Congrats Matt. Great choice.


----------



## Jackson Yacht Sales (May 21, 2004)

Congrats! Great looking rig! Love all the rod holders on the leaning post.


----------



## Jolly Roger (May 21, 2004)

sweet tub, one of my favorites congrats


----------



## Friendswoodmatt (Feb 22, 2005)

apparently contender tuned the props and that is what they recommended --or thats what I was told anyway-- thing is a rocket ship too.
Not as fast as the SCB I saw Eric in on Saturday at the dock powered by a 400!!! but it scoots for a big boat-- decent economy too


----------



## Kenner21 (Aug 25, 2005)

Nice sled, Trip F300s, plenty of rod storage even looks like it has a pair of shadow casters on the back. Congrats!!


----------



## Chase This! (Jul 20, 2007)

Nice ride. How many hours on the 300's? How much fuel?


----------



## trapper67 (Mar 23, 2011)

Huge congrats !!!


----------



## Friendswoodmatt (Feb 22, 2005)

400 gallons 690 hours

Sent from my XT1080 using Tapatalk


----------



## donaken (Nov 25, 2010)

Congrats Matt!! She's a beauty!


----------



## Friendswoodmatt (Feb 22, 2005)

BTW nice ride Brandon and good to meet u. Thanks Ken. I am hoping to get her nice and bloody soon. I'll call u and if u can break away from all you got going on ur always welcome

Sent from my XT1080 using Tapatalk


----------



## blaze 'em (Jun 4, 2012)

You got the 35!!! Congrats, bad A looking boat.


----------



## saltaholic (Feb 19, 2005)

Great choice bro! Glad you waited and found the "one".... Got gas money and gear 

Beautiful boat 


.


----------



## Friendswoodmatt (Feb 22, 2005)

Good I have had challenges in the past finding crew members. Guys say they wanna go, but then it seems they never can. 

Sent from my XT1080 using Tapatalk


----------



## Gap (Jun 4, 2004)

No shortage of rodholders on that one.

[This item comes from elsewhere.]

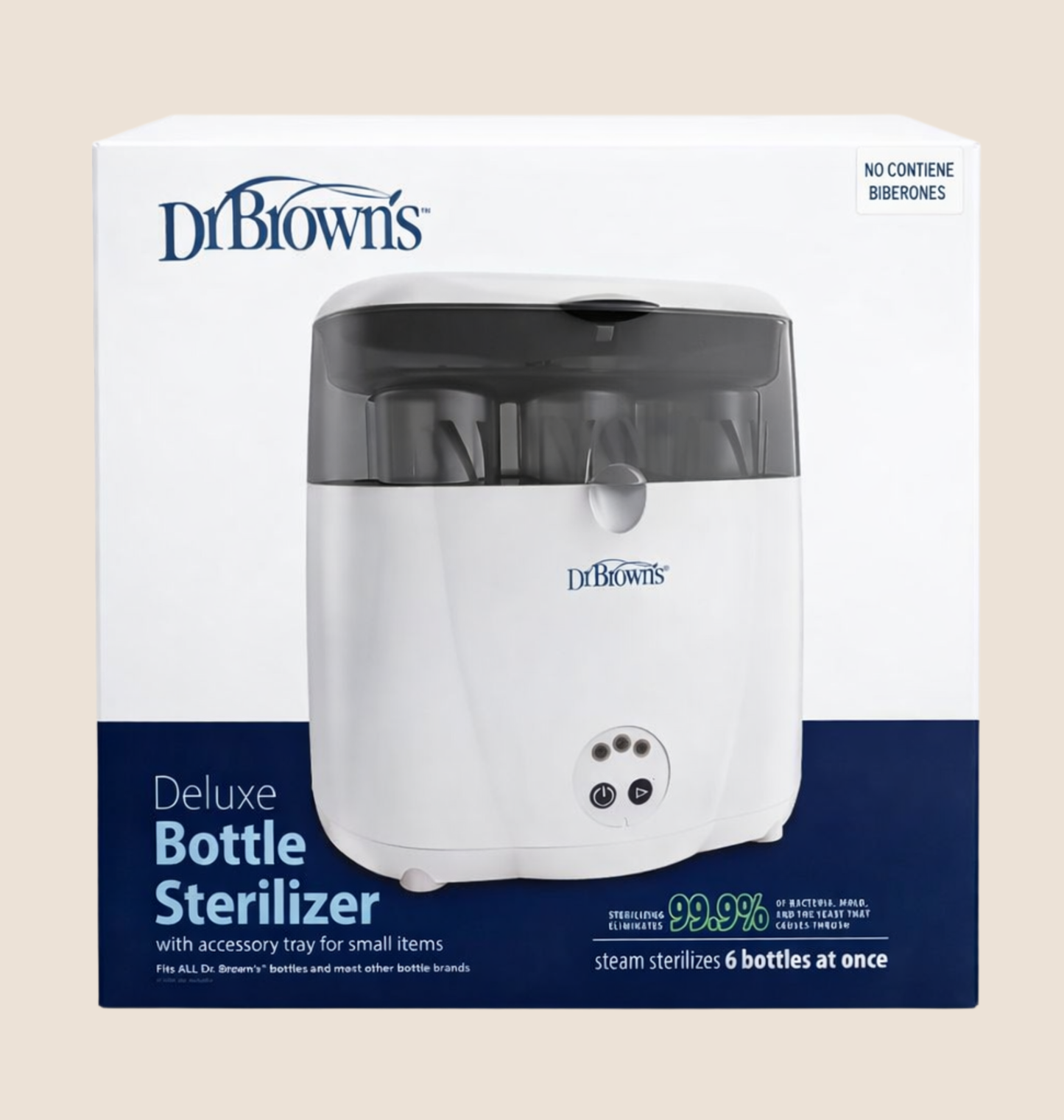 ESTERILIZADOR DE BIBERONES DR. BROWN’S - DELUXE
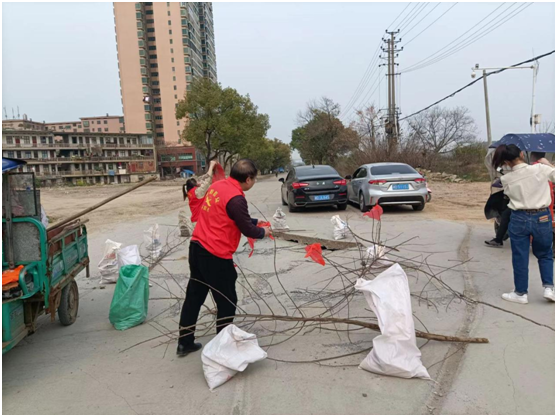合江街道：江雁社区道路突然塌陷 社区协调保平安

Looks like its totally rigged. You don't see many with the double stack of console holders. Great power for that boat as well. Where'd you find it?


----------



## Friendswoodmatt (Feb 22, 2005)

no autopilot -- yet -- first thing I am adding
Stereo is up to snuff though so I wont be doing anything there
12 Jl speakers and 2 Subs, not sure how many amps driving them but I like my tunes-- My work cat stereo is freakishly loud too.


----------



## RobATX (Apr 5, 2011)

Beautiful boat Matt! She looks turnkey. More pics!


----------



## Hotrod (Oct 11, 2006)

Sure is a sweet rig, congrats Matt!


----------



## Bret (May 21, 2004)

Glad you finally found what you wanted!!! Congrats!!!


----------



## hog (May 17, 2006)

Congratulations!!!!!


----------



## captnickm (Feb 16, 2011)

Nice sled!
Where is she located and who is you "survey guy"?


----------



## DSL_PWR (Jul 22, 2009)

Congrats. Nice boat.


----------



## Shredded Evidence (Jun 25, 2007)

Nice. Gotta love those big 15" screens too. See you on the water.


----------



## WestEndAngler (Jan 30, 2007)

Nice ride! We are #7 on the right, Reel Estate. See you down there!


----------



## Klesak1 (Aug 29, 2012)

Awesome sled! Congrats!


----------



## Flight Cancelled (Jul 7, 2010)

Friendswoodmatt said:


> no autopilot -- yet -- first thing I am adding
> Stereo is up to snuff though so I wont be doing anything there
> 12 Jl speakers and 2 Subs, not sure how many amps driving them but I like my tunes-- My work cat stereo is freakishly loud too.


 congrats matt, did you happen to be on brandons last Saturday?????


----------



## Friendswoodmatt (Feb 22, 2005)

yes-- that was me-- btw-- nice ride you guys have there


----------



## nelson6500 (Jun 8, 2007)

Looks fast bro congrats


----------



## Charlietunakiller (Jan 30, 2013)

Sweet ride! Congrats 
:cheers:


----------



## Friendswoodmatt (Feb 22, 2005)

From what I understand light with 1 person driving they will do 70 ish. With a decent load wfo is mid - low 60's so yes they go pretty good. 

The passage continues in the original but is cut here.